Richard H. Kirk and Stephen Mallinder walk straight into the 80 degree techno-splendour of Vienna's new Arrival Hall - 3,000 square metres, 500 spotlights, 800 flourescent tubes, 200 fire alarm boxes, 10 loudspeakers and one relieved bald driver - and instinctively realise what is right for the situation, which is to have another drink. Richard takes a deep nip from something in his duty free bag. Mal talks to the driver, who trudges off with the bags to a small van marked WILLYBUS. A sign in the parking lot reads FAHRT, right under the airport shop WANKE.

Meanwhile I'm wondering why there seems to be so many old people here - huge pastel herds of them are wafting around the terminal, like flamingoes in orthopaedic shoes. They move past a man reading a paperback book about Nazis. All those Teutonic faces invite a quick snort of mental hysteria - what were they all doing during the war? That elderly man over there kissing his wife - did he? Was he? What was his rank? I fan myself with the new Face - fashion feature: combat accessories - and vow not to think swinish thoughts. Mal comes up and says, "I wonder what they were all doing during the war then?"

The parts of the party trail to the van - the supernaturally natty Mal, who stays creaseless and alert despite the heat; the motorcycle-booted Richard; tour manager and Doublevision coordinator Paul Smith; drummer Dee Boyle (on loan from Chakk); and the Cabs' longtime accomplice Peter Care, the film director who is more vital to the Cab conception of things than most people realise. I ask Pete how things are going in the world of pop videos. "Well, some of it is really shitty and some of it is really good." I write this down and, since the department of stupid questions is off to such a roaring start, I ask Mal if they've worked out anything special for tomorrow night's performance. "Not really, no."
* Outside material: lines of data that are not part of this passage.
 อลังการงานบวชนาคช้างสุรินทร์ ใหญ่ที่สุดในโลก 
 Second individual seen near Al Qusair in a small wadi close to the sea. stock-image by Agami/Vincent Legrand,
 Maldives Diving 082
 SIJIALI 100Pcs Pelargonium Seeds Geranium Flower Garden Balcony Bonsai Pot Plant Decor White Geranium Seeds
On the bus I shuffle my factoids: Cabaret Voltaire's most recent releases are Doublevision's twin 12" set 'The Drain Train', comprising 'Menace', 'Electro-Motive', and 'Shakedown (The Whole Thing)'; Cabaret Voltaire have left Virgin; Cabaret Voltaire, as creators of the most beautifully tubercular videos ever made by a pop band, are now welcome to view their work in the Museum Of Modern Art in New York where Sensoria resides among the Warhols. Richard and Mal never, ever, begin sentences with 'As artists we feel that...' or 'Say! Has anybody seen my lifetime pass to the Museum Of Modern Art in New York?', for which you have to love them.

The WILLYBUS has one of those Disneyish fur fetishes hanging from its rear view mirror; as the miles tick over, its twee little corpse sways and drifts past factories, farms, pin-neat villages, and huge tracts of forest, each tree of which looks stuffed and artificially sweetened. From the highway, at least, there is not one deviant leaf or mutant colour to be seen in the entire country. Instead we're treated to a sort of symphony of efficient technologies and disciplined clouds, conducted with all the wit and fire of, say, Gary Numan. If Austria was a sound, it would resemble the synth break in 'Cars'.
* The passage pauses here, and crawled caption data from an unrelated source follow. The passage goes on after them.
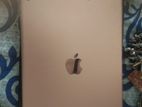 Apple iPad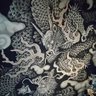 大快 的头像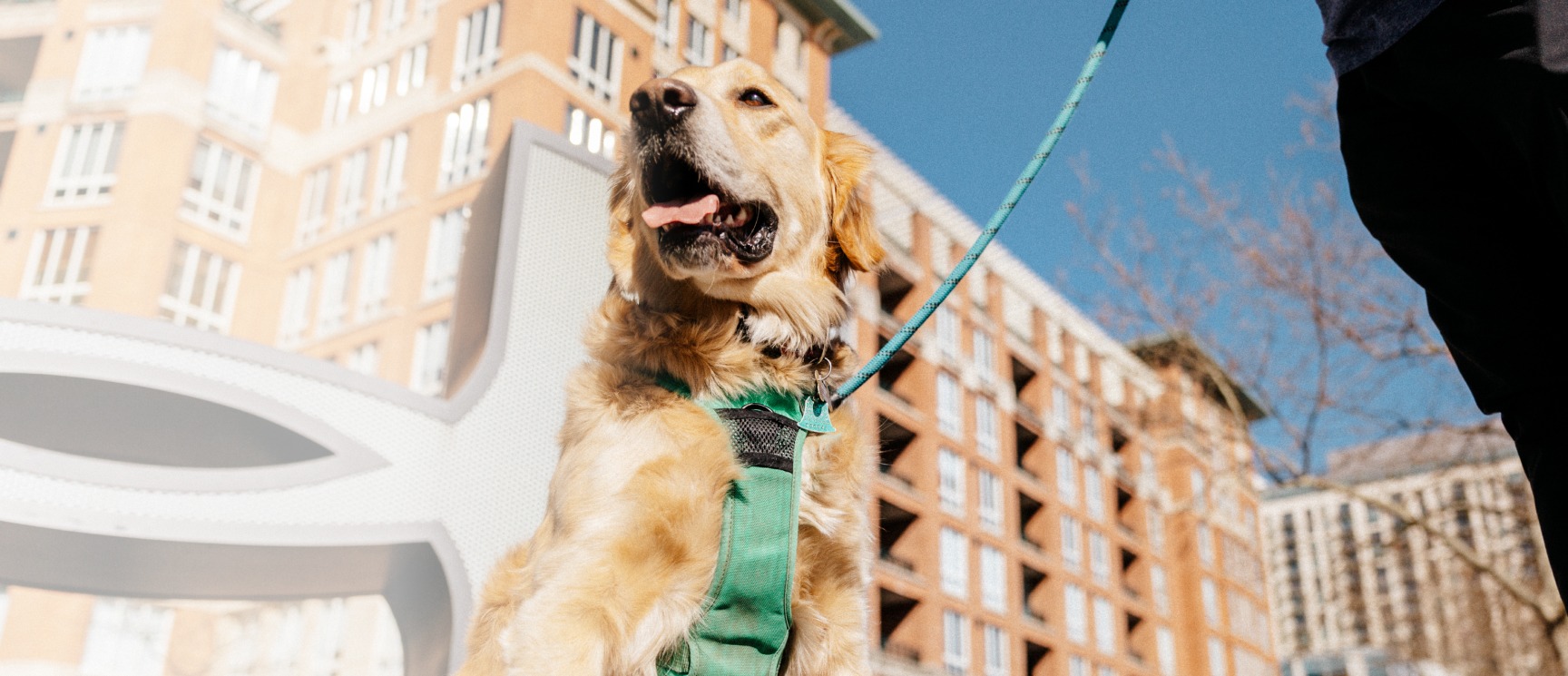 Golden retriever sitting in front of the Under Armour logo in Harbor East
Pete is convinced he's being punished for something. Richard is sorry he ever criticised Belgium. Mal doesn't trust any country that sells condoms in restaurants.

The department of stupid questions longs for something provocative to write about. Perhaps Dee will wake up. Perhaps the New Order gossip will start soon. Perhaps Dr. Josef Mengele is alive and well and hitch-hiking around the corner in a dusty suit. He'll ride with us and gravely listen to Yello tapes ('I love you'. 'I know').

It gets dark outside.

According to the book that brought us here, Linz, Austria, is a 'vital town' in the centre of 'a dynamic economic area'. This introduction can be found in the massive, deeply expensive Ars Electronica catalogue, a prototype of which was sent to the Cabs in January. The revised edition lists Cabaret Voltaire as the special guests of the fifth annual Ars Electronica festival of Art, Technology, and Society in Linz, with the Sheffield experimentalists performing the hour long 'A Contemplation Of Dangerous Games' in the great hall of the Brucknerhaus tomorrow evening. The festival is eight days long and looks impressively heady: 34 artists/groups have been invited from nine countries, each of whom are famous for bringing a certain tang to technology.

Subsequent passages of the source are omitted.